David wrote a psalm of thanksgiving to celebrate his bringing the Ark of the Covenant to Jerusalem. Take time to read it in 1 Chronicles 16:1–36. It is a wonderful example of a combination of praise and thanksgiving; you might simply read this psalm to God as you are learning to give thanks to Him.
Supplication, or making requests: Having worshiped God, confessed our sins to Him, and thanked Him for His many blessings, now we are ready to ask for His intervention here on earth on behalf of others and ourselves. In the New Testament book of James, we read, “… pray for each other so that you may be healed.” (James 5:16, NIV). Paul asked the congregations that he began to pray for him (Colossians 4:3, 1 Thessalonians 5:25) and in turn he prayed for them (Colossians 1:3, 2 Thessalonians 1:11). Paul also suggested praying for society and civic leaders:
I urge, then, first of all, that requests, prayers, intercession and thanksgiving be made for everyone— for kings and all those in authority, that we may live peaceful and quiet lives in all godliness and holiness (1 Timothy 2:1–2, NIV).

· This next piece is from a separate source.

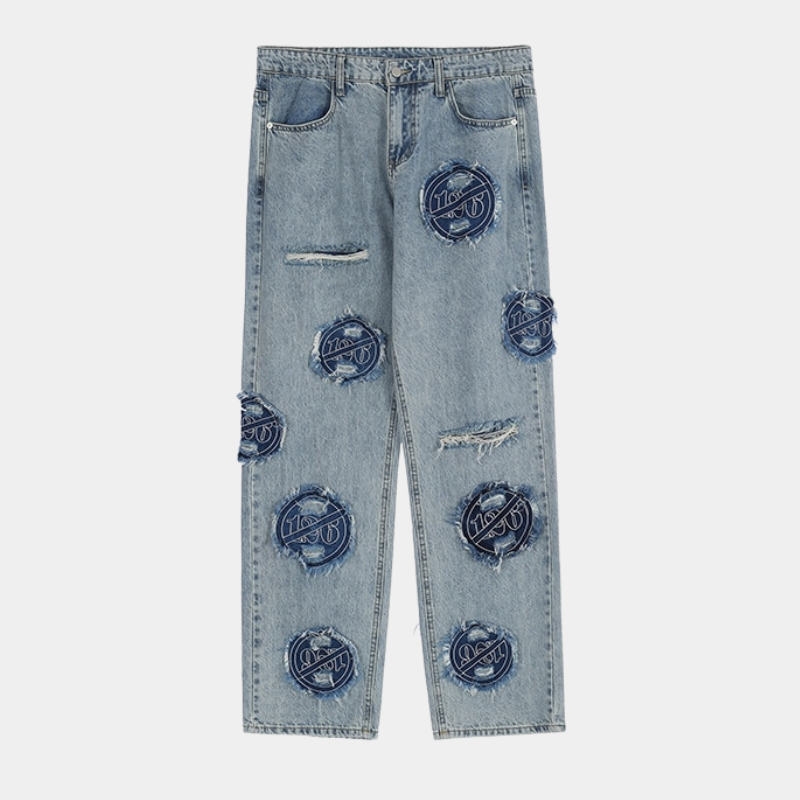 Style Core Aesthetics, New Style Trends - Jean patchwork '126'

We can pray for others and for our own needs, and expect that God will act. It may be helpful to make a list of people and things to be praying for. You may want to pray for specific people on specific days, or for some people every day. Pray in expectation that God will answer. And realizing that He is wiser than we are, recognize that sometimes God may answer “no,” or answer in an unexpected way. But He will answer! One good prayer request is that God will help you to “hear” His answer. This doesn’t mean He responds in an audible voice, but if you open your heart to what God wants you to know, over time, you’ll learn to recognize His response.
Adoration, confession, thanksgiving, and supplication are the basic
elements of prayer. Prayer is the first key to experiencing God every day of your life.